One indicator of just how far behind Western militaries the Russian military is on the communications front is that General Meichik announced that the military is about to begin developing its own internet. This announcement took place more or less on the 40th anniversary of the first message sent on Arpanet, the US military communication system that led to the development of the internet.
There is a similar lag in electronic targeting systems. The newly modernized Su-24M and Tu-22M3 bombers, which participated in the Zapad-2009 exercise, are equipped with a “specialized computer subsystem, automated targeting system, and satellite navigation.” However, this system merely doubles the targeting accuracy of regular unguided bombs. No provision for guided munitions was made in this modernization. Furthermore, this modernization has taken a very long time, as it was first introduced in 2001.
Even more interesting is the description provided by Olga Bozh’eva of an encounter at Ladoga-2009 between General Boldyrev, the head of Russia’s surface troops, and the head engineer of Izhmash — Unpiloted Systems. Looking over the engineer’s shoulder as the latter received information from a UAV on a computer, Boldyrev asked for the coordinates of a group of people visible on the screen. The response: “The program does not allow for the analysis of information while [the UAV] is in flight. Once it lands…” In other words, the latest in Russian UAV technology still does not allow for the instant transmission of targeting information to commanders on the ground — a tactic whose effectiveness was demonstrated by US forces in Afghanistan back in 2001. (Moskovskii Komsomolets, 10/9/2009)
Despite the stated focus on network-centric warfare, UAVs were not integrated into the exercise in either an intelligence or targeting capacity. In other words, they were just there for show. The newest mobile C2 systems, such as the KShM-149MA, which provides real-time information for commanders and allows for tactical control of troops and weaponry, also seem to have not been used in either Zapad-2009 or Ladoga-2009, though one was shown to President Medvedev in Kaliningrad. At the Kavkaz-2009 exercises last summer, brigade level control systems supposedly broke down.

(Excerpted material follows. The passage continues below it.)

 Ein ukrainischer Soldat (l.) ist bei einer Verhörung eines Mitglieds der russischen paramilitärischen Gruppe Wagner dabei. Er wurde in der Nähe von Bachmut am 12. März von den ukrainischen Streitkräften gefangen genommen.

The fact that all of these problems were described openly in the Russian press, and that President Medvedev has responded by publicly chastising the Russian defense industry as a whole, is a sign that the issues that have prevented the revival of that industry (despite an increase in orders in recent years) have finally come to the forefront. It is possible that Medvedev’s criticism is a signal and the next year will be devoted to reforming the Russian defense industry, much like the past year has been devoted to reforming the structure of the military. This may turn out to be a harder task, as private and semi-private companies will undoubtedly prove less willing to follow orders and even a revitalized industry will find it difficult to find the expertise to build new high-tech weapons as quickly as it may be desired by top leaders.